Carina Canaan said she started driving to school before she was old enough to get a license. Now she wishes she hadn't, because the tickets she started racking up quickly topped $3,000. When she was old enough to go legit she was told she couldn't until she paid off the fines.
She spent 10 days locked up to pay them off while pregnant with her first child. But she still can’t get her license until she pays off the surcharges, which she says she can't afford. And she has been turned down for several jobs, including one at a call center, because, she said, she didn't have a valid license.
Levi Lane, the man arrested after a night shift at the pet food factory, said he definitely would have taken community service over jail if the judge had offered it. He was scared of the guys he was locked up with, but even more, he was scared of losing the financial toehold he had gained before he was incarcerated.
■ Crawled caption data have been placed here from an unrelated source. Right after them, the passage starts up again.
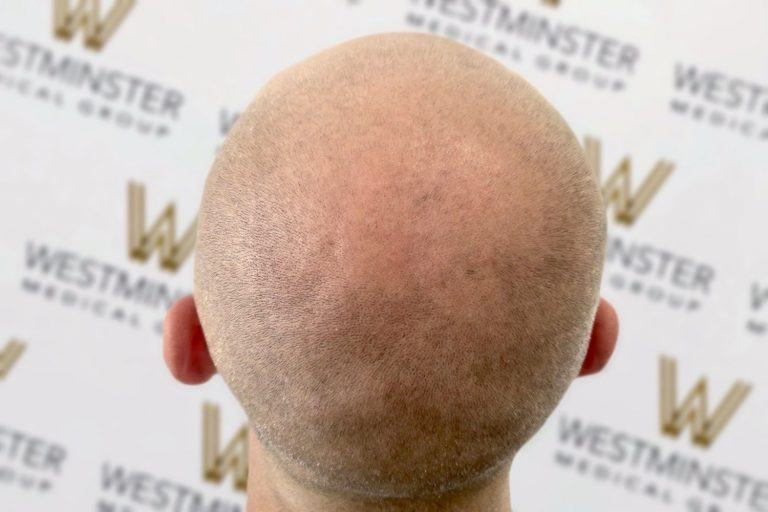 Close-up of the back of a head with male pattern baldness in front of a backdrop with multiple "Westminster" logos printed in a diagonal pattern.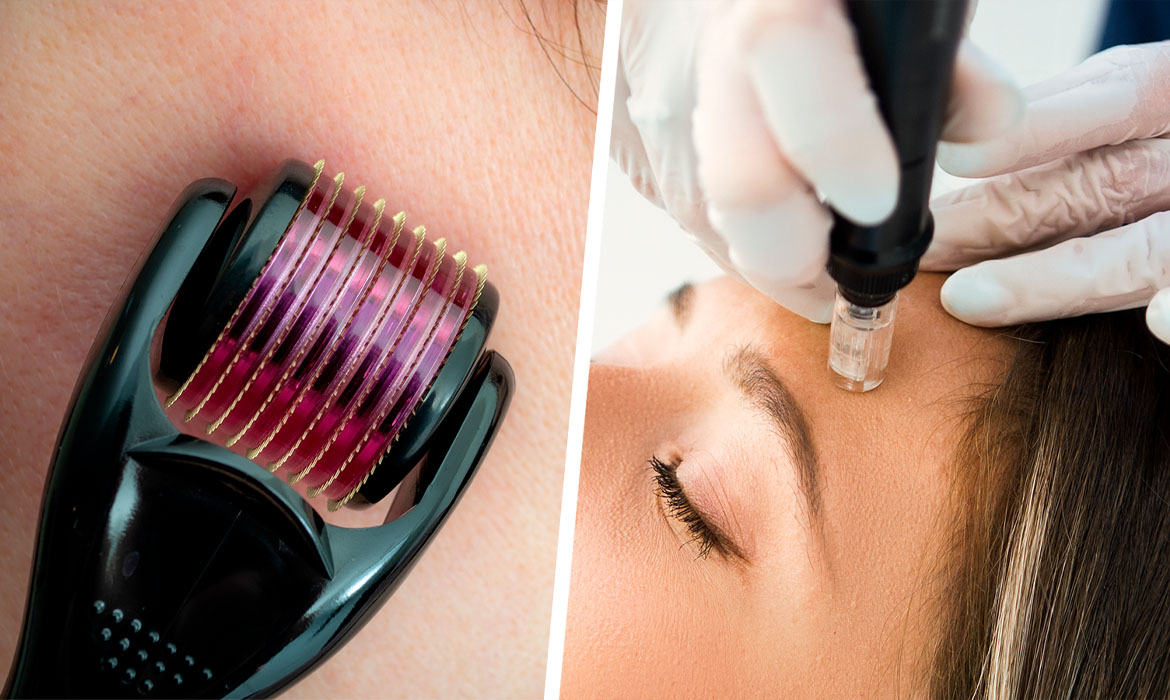 Microneedling > Perfect Touch MedSpa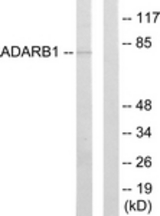Western blot of extracts from HepG2 cells, using ADARB1 Antibody. The lane on the right is treated with the synthesized peptide.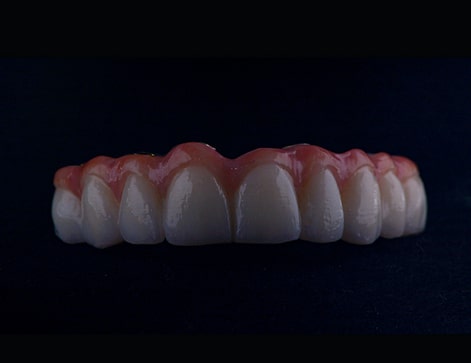 Front-teeth-model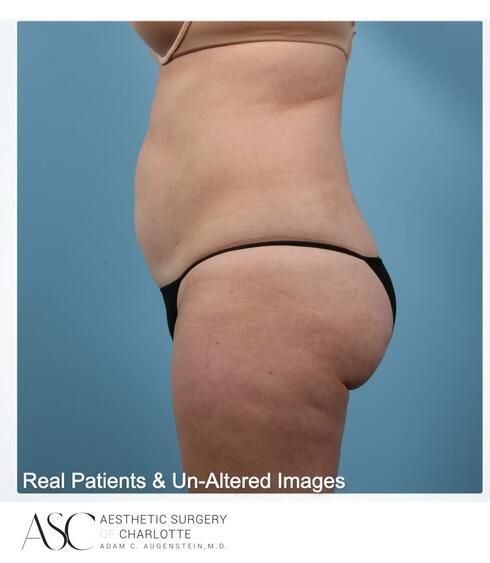 Abdominoplasty Before & After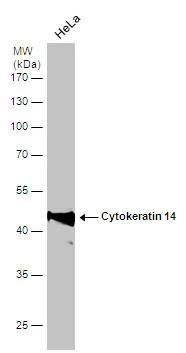 Cytokeratin 14 Antibody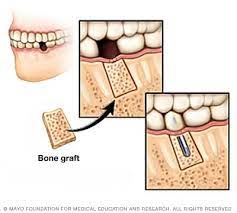 Thanks to participating practitioners, and a commitment on your part, you can qualify for a dental grant that will reduce the cost of your dental work by up to 30%, depending on your procedure. Dental Implant Surgery Mayo Clinic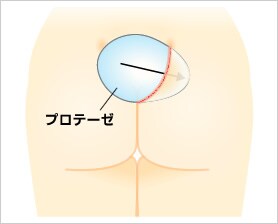 ヒップアップ プロテーゼ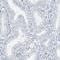 RCAN Family Member 3 antibody, HPA034533, Atlas Antibodies, Immunohistochemistry frozen image 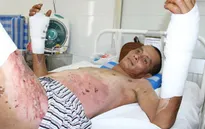 Cha nguy kịch vì bỏng điện, bầy con thơ đói khát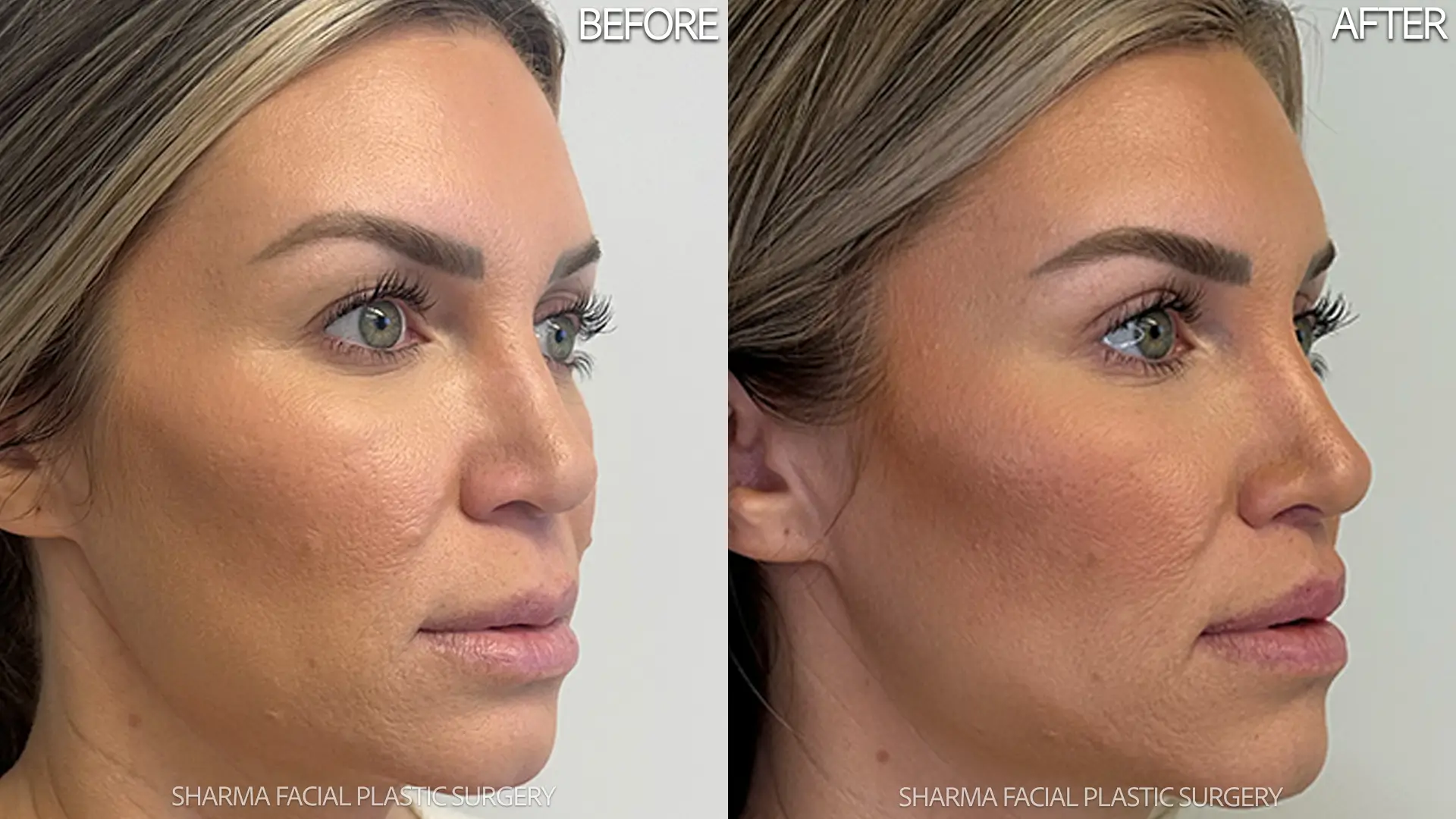 Lip Augmentation - Case 1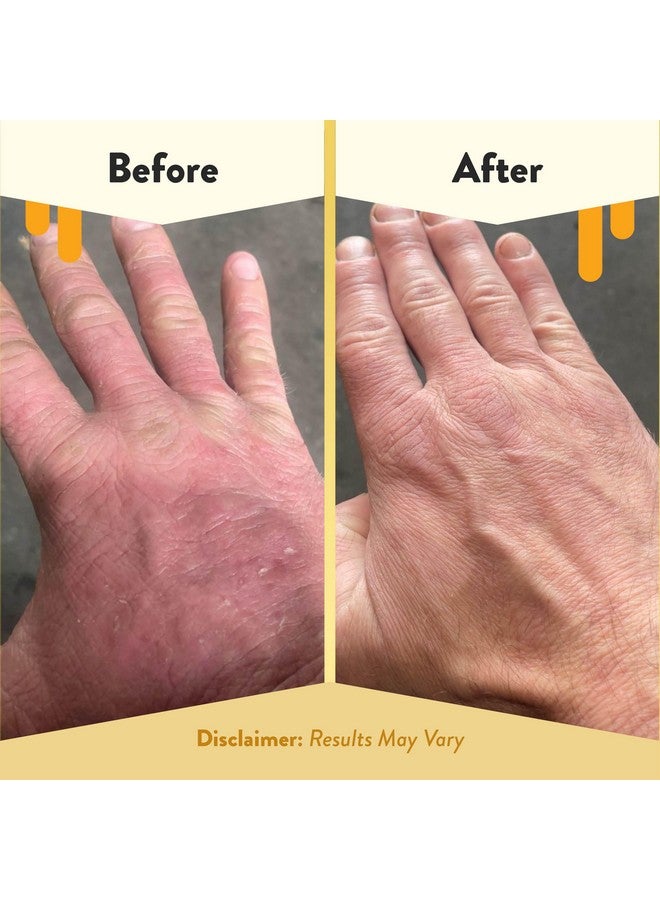 ECZEMA HONEY Gentle Foaming Hand Soapgentle Cleanser For Dry Handsnontoxic Unscented Hand Soapnatural Hand Cleaner For Bathroom & Kitchenorganic Honey Handwash (8.4 Oz) - Image 4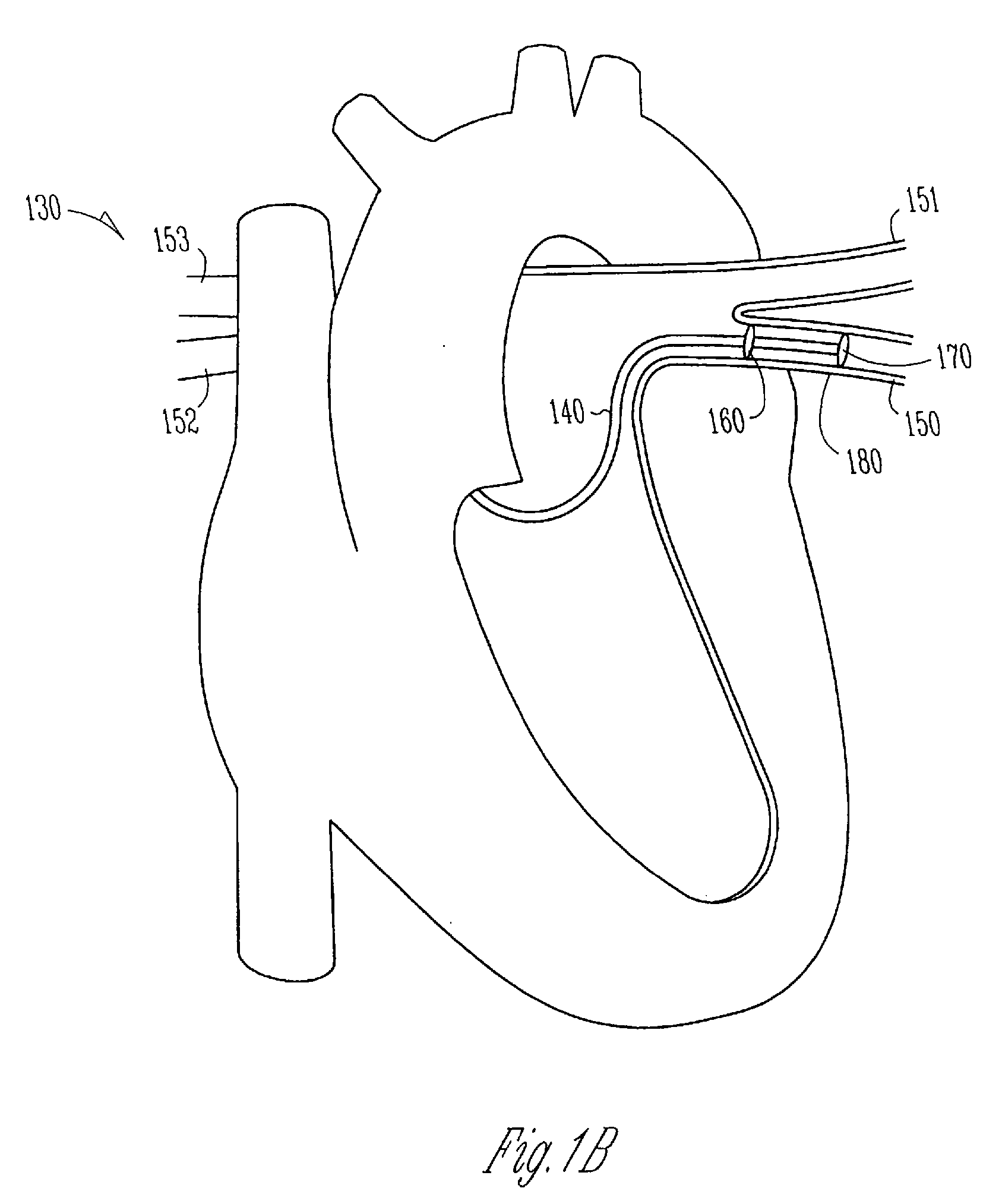 Neurotoxic agents and devices to treat atrial fibrillation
In the year and a half since he’s been out, he has earned what little money he can by making balloon animals. He gets hired for birthday parties or makes the rounds at chain restaurants in search of a few bucks or the “starving artists special,” a slice of the pizza that one of the tables is not planning to eat.
Jobs that seemed possible before now feel out of reach. Working for a cable company or fixing DVD vending machines would both pay above minimum wage. But those jobs require employees to use company vehicles, and Lane figures there’s no way they’d hire someone with outstanding tickets. He shares a small apartment with two of his brothers, the youngest sleeping on the couch in the living room. “I want to do more than just scrape by,” he said.
Even after serving time, he still owes the city $510 in court fees that he couldn’t pay off with time behind bars. On top of that, Lane said he now owes the state $2,600 in surcharges and has received letters from the state Department of Public Safety threatening to suspend his license if he doesn’t pay soon.
Recently, a friend told him he could petition the state to say that he couldn’t afford the surcharges. He called, and if he’s approved, he was told, the tab could drop to about $500.
It was the first time anyone told him there might be a way out of all this.